Reste l'essentiel, et c'est là que Vinexpo Asia justifie pleinement sa raison d'être. Dans une industrie traversée d'incertitudes, où chaque décision se pèse, un salon vaut d'abord par ce qu'il rend possible : la rencontre. Trois jours durant, importateurs, distributeurs, sommeliers et producteurs se sont retrouvés en un même lieu, ont partagé un verre, ouvert des discussions qu'aucun échange à distance n'aurait nouées. Ces rendez-vous, pris ou improvisés, sont le carburant du commerce : ils ne se traduisent pas tous en commande immédiate, mais ils déclenchent les relations d'où naîtront les affaires de demain.
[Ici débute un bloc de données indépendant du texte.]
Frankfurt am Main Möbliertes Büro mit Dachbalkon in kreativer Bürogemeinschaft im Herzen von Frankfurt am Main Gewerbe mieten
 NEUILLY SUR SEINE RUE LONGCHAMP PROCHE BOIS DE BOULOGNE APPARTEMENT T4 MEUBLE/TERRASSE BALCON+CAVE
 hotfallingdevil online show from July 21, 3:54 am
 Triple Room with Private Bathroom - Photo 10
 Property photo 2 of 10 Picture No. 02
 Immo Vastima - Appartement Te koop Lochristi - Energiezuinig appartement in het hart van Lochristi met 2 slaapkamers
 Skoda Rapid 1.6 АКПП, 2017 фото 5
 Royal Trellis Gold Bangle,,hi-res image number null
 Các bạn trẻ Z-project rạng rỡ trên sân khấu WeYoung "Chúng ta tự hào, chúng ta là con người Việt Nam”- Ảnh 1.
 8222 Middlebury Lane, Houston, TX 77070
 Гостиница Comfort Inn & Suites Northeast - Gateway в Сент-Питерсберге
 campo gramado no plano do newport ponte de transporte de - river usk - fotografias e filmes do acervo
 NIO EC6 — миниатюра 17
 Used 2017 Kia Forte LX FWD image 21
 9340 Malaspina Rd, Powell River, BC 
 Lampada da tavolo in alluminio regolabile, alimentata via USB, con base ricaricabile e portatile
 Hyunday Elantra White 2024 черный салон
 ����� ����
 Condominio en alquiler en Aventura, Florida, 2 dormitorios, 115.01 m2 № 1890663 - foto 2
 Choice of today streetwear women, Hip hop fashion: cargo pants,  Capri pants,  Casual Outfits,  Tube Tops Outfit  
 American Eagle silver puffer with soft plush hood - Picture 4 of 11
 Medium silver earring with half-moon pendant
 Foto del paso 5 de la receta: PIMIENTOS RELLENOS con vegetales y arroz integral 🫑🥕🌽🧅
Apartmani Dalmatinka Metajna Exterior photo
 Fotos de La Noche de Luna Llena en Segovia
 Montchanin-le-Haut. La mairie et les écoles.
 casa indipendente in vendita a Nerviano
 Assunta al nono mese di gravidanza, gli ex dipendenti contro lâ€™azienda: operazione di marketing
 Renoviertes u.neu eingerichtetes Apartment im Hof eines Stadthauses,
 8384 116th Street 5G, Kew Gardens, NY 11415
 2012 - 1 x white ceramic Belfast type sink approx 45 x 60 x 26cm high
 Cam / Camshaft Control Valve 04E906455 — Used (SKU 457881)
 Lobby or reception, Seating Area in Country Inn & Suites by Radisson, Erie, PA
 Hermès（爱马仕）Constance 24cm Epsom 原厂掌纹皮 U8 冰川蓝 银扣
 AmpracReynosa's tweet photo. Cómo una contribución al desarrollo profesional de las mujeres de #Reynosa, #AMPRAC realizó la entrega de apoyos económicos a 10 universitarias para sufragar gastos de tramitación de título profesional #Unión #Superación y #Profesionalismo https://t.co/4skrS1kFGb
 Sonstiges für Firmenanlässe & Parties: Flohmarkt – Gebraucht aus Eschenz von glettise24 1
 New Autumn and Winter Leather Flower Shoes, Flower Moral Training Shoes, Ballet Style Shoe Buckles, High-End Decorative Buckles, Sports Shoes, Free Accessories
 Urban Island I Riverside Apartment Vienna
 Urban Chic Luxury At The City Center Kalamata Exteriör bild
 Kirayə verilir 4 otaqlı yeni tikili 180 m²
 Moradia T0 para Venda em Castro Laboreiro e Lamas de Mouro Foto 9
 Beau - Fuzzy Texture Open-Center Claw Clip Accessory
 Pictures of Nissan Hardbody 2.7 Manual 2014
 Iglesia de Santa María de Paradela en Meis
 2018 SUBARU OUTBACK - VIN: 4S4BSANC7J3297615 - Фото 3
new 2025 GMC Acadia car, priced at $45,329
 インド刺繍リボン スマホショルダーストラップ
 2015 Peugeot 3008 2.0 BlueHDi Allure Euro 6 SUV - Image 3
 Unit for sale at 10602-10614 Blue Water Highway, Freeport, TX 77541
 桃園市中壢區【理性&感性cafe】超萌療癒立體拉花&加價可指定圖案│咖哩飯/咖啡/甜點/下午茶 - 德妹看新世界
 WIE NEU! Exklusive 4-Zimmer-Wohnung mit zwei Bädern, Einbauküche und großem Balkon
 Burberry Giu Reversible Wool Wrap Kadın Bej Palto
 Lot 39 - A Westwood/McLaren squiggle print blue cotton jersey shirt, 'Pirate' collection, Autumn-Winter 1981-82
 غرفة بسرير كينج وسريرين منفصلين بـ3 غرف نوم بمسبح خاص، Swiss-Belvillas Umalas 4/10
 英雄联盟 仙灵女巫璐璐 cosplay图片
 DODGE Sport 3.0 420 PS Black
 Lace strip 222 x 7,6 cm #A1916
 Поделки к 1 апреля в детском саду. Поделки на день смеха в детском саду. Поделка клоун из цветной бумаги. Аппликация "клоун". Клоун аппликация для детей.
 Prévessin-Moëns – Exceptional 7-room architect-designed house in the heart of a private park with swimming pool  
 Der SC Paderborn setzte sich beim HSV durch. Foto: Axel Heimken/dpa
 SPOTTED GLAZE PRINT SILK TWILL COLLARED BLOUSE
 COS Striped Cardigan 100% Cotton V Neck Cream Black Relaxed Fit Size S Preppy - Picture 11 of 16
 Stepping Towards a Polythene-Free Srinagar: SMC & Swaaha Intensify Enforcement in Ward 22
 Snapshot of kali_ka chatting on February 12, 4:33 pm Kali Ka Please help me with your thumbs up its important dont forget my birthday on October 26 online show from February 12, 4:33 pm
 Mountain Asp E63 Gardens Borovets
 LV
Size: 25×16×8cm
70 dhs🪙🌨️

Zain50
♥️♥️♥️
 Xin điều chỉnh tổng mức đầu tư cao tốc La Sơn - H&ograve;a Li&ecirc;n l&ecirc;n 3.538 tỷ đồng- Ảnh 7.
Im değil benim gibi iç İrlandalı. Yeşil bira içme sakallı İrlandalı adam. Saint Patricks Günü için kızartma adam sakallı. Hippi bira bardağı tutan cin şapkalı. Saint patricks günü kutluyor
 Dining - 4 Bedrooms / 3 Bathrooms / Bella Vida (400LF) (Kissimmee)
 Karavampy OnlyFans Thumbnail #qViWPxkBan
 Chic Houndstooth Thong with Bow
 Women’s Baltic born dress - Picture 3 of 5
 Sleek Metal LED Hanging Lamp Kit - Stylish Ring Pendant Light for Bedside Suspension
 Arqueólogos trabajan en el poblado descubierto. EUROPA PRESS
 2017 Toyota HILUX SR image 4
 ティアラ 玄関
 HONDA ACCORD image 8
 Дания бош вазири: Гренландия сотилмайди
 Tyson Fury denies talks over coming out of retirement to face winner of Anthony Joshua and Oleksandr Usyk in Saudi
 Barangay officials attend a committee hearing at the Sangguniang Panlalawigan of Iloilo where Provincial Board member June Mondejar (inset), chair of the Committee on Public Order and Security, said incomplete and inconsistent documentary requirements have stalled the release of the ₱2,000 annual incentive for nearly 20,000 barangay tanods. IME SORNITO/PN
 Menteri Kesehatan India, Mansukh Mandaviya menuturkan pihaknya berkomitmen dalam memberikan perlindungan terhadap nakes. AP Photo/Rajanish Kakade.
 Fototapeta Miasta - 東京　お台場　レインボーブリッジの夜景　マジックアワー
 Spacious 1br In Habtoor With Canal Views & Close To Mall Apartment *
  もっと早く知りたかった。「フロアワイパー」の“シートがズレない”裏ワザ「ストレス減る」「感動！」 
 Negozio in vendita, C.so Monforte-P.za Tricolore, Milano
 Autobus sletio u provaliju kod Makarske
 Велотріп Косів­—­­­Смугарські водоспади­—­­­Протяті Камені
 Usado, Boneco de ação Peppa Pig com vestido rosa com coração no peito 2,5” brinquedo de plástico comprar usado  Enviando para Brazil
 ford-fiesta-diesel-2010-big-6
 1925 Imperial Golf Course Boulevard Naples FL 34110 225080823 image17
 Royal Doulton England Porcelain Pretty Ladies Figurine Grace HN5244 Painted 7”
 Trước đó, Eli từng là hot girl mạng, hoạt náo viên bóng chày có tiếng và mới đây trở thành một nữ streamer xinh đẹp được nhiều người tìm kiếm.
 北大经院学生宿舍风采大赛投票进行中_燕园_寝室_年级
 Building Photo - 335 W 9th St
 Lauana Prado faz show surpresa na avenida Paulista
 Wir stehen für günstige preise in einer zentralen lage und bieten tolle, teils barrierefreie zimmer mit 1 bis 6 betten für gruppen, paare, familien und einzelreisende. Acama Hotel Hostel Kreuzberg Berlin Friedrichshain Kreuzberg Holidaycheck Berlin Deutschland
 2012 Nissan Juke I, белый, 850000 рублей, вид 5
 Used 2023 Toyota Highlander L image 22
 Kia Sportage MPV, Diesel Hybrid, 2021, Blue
Offrir cette chance, c'est le service le plus précieux qu'un salon puisse rendre à une filière perturbée.

 

Hong Kong, super-connecteur entre la Chine et le monde, demeure le poste d'observation idéal pour lire la "Greater China" et l'Asie dans leur ensemble. « Quand le marché devient plus complexe, la connaissance devient un outil », rappelle Rodolphe Lameyse, président de Vinexposium. L'organisateur en a tiré les conséquences : à partir de 2027, Vinexpo Asia deviendra annuel, ancré dans un hub asiatique unique, pour offrir aux exposants la stabilité et la lisibilité qu'ils réclament.

 

Le millésime 2026 n'aura pas prétendu renverser la table. Il aura fait œuvre plus durable : maintenir le cap, garder ouvertes les portes du dialogue et rappeler qu'en temps incertain, se parler demeure le premier acte de vendre. À ce jeu-là, Hong Kong reste imbattable.